Performance_Data <- foreach(k=1:numberofcores, .inorder=FALSE, .combine=rbind,
                        .packages=c("data.table")) %do% {
                          Data_P<- fread(Performance[k], sep = "|", colClasses=Performance_ColClasses, showProgress=TRUE)
                          setnames(Data_P, Performance_Variables)
                          setkey(Data_P, "LOAN_ID")
                        }
ANP
  • 51
  • 1
  • 9
  • 1
    Running stuff parallel, increases the amount of required memory as R needs to run multiple instances and load the data in each one. It might help to run the code on one core. But if you have many more files, you might need a machine with more RAM at some point. – JBGruber Jul 06 '18 at 13:36
  • @JonGrub Thanks for the reply, I'd been looking at the Memory usage, and just opening Rstudio reduces available memory to 2.5GB. If i don't use parallel processing would it be able to read such large files with an issue? each file is 700mb. – ANP Jul 06 '18 at 13:39
  • @JonGrub I actually tried reading in first 4 files without parallel processing, and im facing the same issue still. – ANP Jul 06 '18 at 13:51
  • 1
    Do you have objects in your environment when you open RStudio? Maybe there is an .RData file in your default working directory which is loaded at start?
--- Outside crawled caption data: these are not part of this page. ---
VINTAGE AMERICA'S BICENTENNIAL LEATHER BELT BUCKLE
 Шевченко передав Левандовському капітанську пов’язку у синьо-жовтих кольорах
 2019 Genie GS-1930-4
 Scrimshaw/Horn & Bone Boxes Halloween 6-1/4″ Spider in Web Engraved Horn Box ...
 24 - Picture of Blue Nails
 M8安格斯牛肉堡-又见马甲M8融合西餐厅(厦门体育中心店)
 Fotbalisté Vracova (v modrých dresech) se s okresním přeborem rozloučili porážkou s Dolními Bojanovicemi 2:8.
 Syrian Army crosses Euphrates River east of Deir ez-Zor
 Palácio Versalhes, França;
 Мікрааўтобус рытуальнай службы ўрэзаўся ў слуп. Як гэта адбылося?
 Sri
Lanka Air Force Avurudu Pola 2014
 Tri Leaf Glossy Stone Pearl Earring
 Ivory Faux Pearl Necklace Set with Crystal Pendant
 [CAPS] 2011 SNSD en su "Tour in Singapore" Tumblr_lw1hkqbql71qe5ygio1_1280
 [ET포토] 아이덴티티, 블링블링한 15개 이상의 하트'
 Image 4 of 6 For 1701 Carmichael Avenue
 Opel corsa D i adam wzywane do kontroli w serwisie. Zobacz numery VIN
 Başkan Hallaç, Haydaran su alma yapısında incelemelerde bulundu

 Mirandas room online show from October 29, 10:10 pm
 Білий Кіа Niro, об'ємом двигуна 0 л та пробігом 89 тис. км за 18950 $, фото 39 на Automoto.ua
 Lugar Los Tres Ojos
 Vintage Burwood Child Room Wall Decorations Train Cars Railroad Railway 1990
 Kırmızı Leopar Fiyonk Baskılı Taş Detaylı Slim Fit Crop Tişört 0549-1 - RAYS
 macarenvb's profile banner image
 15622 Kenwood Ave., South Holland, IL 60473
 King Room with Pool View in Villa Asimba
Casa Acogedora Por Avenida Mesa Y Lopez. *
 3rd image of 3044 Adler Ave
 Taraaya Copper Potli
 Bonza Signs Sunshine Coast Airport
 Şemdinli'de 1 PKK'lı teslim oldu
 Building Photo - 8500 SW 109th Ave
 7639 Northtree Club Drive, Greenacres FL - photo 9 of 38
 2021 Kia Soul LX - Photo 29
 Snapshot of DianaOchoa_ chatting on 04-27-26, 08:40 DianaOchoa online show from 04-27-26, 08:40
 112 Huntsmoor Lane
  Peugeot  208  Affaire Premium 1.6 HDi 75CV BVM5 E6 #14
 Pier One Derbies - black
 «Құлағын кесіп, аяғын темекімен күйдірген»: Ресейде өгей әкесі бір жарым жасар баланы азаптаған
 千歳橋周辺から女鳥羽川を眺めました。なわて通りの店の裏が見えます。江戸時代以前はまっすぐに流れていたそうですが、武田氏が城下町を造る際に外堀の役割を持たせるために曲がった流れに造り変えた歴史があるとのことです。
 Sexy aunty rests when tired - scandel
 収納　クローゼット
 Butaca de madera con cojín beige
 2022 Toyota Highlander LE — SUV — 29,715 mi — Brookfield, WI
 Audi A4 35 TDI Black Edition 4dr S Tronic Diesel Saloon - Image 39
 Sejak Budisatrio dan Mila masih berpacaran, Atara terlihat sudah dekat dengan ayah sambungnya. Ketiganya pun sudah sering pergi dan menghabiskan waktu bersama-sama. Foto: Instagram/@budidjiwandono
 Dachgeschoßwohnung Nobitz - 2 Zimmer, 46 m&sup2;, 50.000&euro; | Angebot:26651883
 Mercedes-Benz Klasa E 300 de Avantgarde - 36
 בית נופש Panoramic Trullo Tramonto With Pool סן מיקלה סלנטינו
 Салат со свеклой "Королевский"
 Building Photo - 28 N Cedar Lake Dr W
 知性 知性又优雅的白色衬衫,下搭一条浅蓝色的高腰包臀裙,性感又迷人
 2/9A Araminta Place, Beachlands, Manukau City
The way you describe it R would consume around 5GB of RAM, which is excessive and not normal. – JBGruber Jul 06 '18 at 14:01
  • 1
    Run `ls()` and/or look at the Environment tab in RStudio to see object in your environment. Use `rm()` to clean up unused objects. If you continue to have trouble with RStudio, try using the R command line. – Gregor Thomas Jul 06 '18 at 14:11
  • Suggested dupe: [R memory management / cannot allocate vector of size n Mb](https://stackoverflow.com/q/5171593/903061) – Gregor Thomas Jul 06 '18 at 14:12
  • *"If I don't use parallel processing, would it be able..."*, perhaps I'm missing something, but if you can load it into memory with parallel procs, you can load it with single. The reverse is not guaranteed, since there is some memory overhead to having multiple R sessions on the same machine. Bottom line: I don't know of a memory cap on a single R session, so splitting into multiple will do nothing to enable loading more data. – r2evans Jul 06 '18 at 14:44
  • @JonGrub I did happen to have a .RData file loaded on startup by default, but even after correcting that i am having trouble. Although the available RAM on starting R is now 5GB. – ANP Jul 06 '18 at 17:56
  • @Gregor tried cleaning up the environment, but no change!! I'm new to R, so could you tell me how to run/use R scripts in command line? I don't have Linux, its Windows – ANP Jul 06 '18 at 17:58
  • As long as R is on your path, open up the command prompt and type `R`. On windows, you might try the RGui that comes with the R installation as a lighter-weight IDE. That said, it sounds like you did have a change, with 5 GB available instead of 2.5. – Gregor Thomas Jul 06 '18 at 18:01
  • Yes, after cleaning the environment and having no preloaded data on startup, i do get 5GB, but it doesnt seem to make a difference. On running the code used RAM shoot to almost 7GB. and then i see the error – ANP Jul 06 '18 at 18:04
  • You need to add the path to the R binary to your path environment variable. The path looks somewhat like this `C:\Program Files\R\R-3.5.0\bin\`. Look up for your windows version how to add something to PATH. – JBGruber Jul 06 '18 at 18:04

1 Answers1

0

As has been identified in the comments already, your problem is your lack of available memory. This might seem surprising to you as you have 8 GB total RAM. However, with txt files with more than a couple of 100MB it might simply not be enough, even when you do not go parallel (which causes additional memory overhead).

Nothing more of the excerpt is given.